There are different ways to assign a static IP address to your computer, printer, NAS, IP camera or other network device and reasons why you'd want to. A common example is that you're adding a NAS drive to your home network, but in order to access it from the internet it needs to always have the same IP address.
If you don't assign a static IP address, it will be dynamically given an IP address by your router each time you turn it on.
However, unless you know what you're doing, you might cause a conflict if the same address is already assigned to another device on the network.
The correct way to assign a static IP address is to tell your router to always give the same IP address to a computer or other network device with a certain MAC address. This is a unique code - a bit like a car's registration number - which every networking device has.
First, log in to your router. If you don't know its IP address, open a Command Prompt (search for cmd in Windows 7 or 8) and type 'ipconfig /all' without the quotes and press Enter.
Your router's IP address is the same as Default Gateway. You can also see the MAC address for each network adapter (it's called the Physical Address) but make sure you note down the address for the right adapter (if there are several - laptops will usually have two, one for Wi-Fi and one for Ethernet) by looking at its description.

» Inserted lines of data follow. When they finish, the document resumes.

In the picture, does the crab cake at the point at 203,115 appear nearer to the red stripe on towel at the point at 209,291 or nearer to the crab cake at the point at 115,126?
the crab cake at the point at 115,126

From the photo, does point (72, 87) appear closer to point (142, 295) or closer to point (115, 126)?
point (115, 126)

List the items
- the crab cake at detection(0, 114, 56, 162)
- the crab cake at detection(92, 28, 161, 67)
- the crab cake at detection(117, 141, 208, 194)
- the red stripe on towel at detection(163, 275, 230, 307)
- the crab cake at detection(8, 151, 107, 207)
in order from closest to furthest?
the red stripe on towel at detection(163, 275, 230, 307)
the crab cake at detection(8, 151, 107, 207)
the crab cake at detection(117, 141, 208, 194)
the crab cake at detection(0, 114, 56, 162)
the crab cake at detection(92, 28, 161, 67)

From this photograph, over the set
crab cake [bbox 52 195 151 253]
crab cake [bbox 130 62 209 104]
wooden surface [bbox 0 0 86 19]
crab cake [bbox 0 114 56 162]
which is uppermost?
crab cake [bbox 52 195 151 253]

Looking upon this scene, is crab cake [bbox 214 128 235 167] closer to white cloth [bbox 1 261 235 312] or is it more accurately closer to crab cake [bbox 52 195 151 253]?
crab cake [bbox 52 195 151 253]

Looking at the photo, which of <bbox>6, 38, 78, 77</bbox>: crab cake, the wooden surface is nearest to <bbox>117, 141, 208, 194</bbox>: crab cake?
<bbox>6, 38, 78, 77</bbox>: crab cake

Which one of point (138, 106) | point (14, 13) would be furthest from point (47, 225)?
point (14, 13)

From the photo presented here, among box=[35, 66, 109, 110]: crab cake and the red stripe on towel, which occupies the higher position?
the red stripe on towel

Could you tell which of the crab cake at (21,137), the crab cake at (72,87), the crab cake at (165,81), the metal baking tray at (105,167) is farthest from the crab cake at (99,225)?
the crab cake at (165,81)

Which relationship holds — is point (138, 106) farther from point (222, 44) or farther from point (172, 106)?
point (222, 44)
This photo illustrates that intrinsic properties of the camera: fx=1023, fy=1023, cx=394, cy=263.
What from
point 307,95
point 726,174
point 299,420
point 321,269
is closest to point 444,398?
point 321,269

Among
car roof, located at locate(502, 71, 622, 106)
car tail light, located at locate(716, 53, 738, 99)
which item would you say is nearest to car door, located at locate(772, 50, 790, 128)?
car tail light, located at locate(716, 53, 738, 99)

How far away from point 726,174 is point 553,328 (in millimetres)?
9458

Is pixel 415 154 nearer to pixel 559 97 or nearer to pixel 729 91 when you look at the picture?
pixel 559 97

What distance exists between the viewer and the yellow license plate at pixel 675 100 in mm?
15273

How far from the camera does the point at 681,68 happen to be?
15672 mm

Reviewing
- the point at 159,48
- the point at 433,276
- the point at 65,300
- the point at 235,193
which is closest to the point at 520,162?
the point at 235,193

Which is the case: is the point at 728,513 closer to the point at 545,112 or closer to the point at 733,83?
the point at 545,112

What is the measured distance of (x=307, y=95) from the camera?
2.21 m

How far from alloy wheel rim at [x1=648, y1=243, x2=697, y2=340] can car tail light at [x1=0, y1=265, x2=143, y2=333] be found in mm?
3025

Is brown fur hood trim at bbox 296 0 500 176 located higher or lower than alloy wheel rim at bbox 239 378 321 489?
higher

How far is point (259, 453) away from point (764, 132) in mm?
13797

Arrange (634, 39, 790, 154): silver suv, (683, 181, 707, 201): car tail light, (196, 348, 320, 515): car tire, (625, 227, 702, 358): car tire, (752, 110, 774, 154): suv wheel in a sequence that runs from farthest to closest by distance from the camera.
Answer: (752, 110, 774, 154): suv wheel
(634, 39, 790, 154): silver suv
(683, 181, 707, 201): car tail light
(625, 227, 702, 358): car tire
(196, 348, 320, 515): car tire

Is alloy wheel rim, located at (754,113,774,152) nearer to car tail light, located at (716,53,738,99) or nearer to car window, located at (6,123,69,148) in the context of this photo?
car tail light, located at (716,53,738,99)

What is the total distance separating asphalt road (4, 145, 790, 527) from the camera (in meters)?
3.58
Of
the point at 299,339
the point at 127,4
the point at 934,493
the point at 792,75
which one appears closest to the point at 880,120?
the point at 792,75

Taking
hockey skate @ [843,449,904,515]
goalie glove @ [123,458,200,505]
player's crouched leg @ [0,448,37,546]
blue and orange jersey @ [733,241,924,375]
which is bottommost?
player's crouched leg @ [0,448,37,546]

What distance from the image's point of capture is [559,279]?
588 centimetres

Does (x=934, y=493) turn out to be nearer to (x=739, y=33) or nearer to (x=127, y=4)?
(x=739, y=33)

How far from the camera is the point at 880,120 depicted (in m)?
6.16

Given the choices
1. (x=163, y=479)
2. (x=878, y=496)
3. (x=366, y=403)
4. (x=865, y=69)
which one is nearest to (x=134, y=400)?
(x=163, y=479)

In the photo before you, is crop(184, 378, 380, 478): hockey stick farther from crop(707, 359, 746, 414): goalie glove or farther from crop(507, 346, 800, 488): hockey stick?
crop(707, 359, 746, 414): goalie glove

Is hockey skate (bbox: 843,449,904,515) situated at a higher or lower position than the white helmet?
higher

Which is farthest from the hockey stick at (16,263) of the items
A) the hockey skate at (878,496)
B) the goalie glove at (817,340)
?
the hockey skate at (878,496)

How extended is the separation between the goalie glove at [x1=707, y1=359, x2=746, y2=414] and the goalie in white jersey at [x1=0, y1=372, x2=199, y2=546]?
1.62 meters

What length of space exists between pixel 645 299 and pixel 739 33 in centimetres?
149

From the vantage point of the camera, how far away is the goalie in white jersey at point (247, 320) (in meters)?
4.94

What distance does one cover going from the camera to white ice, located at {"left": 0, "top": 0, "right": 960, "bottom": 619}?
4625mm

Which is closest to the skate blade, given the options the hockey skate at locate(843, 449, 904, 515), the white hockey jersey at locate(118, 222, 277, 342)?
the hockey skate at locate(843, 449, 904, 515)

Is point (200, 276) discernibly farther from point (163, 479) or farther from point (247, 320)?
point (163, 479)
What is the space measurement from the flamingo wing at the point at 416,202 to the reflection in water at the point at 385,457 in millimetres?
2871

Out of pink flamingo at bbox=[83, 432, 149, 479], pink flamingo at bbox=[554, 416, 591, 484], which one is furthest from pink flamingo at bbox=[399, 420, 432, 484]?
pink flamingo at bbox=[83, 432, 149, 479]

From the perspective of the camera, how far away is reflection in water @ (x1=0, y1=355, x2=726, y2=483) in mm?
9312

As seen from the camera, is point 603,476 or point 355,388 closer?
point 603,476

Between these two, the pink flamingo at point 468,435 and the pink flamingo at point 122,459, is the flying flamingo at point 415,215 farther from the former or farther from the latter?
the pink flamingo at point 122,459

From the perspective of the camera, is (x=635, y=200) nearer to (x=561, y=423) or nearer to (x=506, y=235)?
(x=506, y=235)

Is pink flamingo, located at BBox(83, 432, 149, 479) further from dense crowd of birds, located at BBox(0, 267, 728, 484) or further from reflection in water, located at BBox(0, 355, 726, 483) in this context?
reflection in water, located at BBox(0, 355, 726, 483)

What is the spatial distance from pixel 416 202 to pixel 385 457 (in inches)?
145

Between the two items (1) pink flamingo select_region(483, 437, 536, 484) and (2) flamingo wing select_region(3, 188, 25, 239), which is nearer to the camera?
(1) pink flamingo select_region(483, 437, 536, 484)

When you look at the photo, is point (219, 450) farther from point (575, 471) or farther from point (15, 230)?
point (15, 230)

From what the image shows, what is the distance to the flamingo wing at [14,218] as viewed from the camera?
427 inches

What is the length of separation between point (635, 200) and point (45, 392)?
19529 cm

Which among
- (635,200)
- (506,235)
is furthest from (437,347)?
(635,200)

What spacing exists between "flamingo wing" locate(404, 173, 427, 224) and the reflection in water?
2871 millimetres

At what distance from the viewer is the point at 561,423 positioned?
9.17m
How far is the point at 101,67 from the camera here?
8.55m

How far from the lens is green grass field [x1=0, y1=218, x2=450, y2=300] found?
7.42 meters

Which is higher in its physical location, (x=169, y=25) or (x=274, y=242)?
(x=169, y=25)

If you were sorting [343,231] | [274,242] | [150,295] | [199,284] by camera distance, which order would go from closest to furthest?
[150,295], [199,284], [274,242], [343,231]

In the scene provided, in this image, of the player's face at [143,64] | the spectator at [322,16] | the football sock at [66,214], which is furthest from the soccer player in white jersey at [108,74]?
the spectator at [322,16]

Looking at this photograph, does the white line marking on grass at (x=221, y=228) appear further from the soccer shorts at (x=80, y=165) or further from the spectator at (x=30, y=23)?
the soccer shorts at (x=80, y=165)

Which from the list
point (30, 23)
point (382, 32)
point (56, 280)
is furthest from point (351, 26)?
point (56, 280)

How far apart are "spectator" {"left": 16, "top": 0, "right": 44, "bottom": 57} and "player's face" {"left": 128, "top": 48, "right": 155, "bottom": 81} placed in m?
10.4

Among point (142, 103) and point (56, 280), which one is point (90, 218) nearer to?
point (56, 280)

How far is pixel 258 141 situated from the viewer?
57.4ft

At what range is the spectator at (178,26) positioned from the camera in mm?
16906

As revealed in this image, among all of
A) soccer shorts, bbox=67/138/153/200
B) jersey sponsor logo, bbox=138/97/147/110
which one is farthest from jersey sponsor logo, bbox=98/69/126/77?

Type this IP address into a web browser’s address bar, preceded by http:// and log in with the username and password you set, or look in the manual or on the router itself for the defaults.
The Thompson DG585 router has a menu called Home Network, but it may be called LAN or Network or something else such as Bind IP to MAC in your router. BT's Home Hub helpfully has a 'Static IP' menu.
When you find the right page, you might see a list of connected computers, or you might have to select your computer from a list, or enter its IP or MAC address manually.
However your router handles it, enter an IP address in the same format as your router's: the same first three numbers, e.g. 192.168.1 and then a fourth number between 2 and 254, ensuring it isn’t the same as your router's address. Ideally, check the range of IP addresses which is used by your router's DHCP server, and pick a number outside of this range.
If you’re still having problems, you may need to refer to the documentation that came with your router. Alternatively, try visiting your router manufacturer’s website, or contacting their support department. Forums, such as PC Advisor's very own forum, can be helpful as well.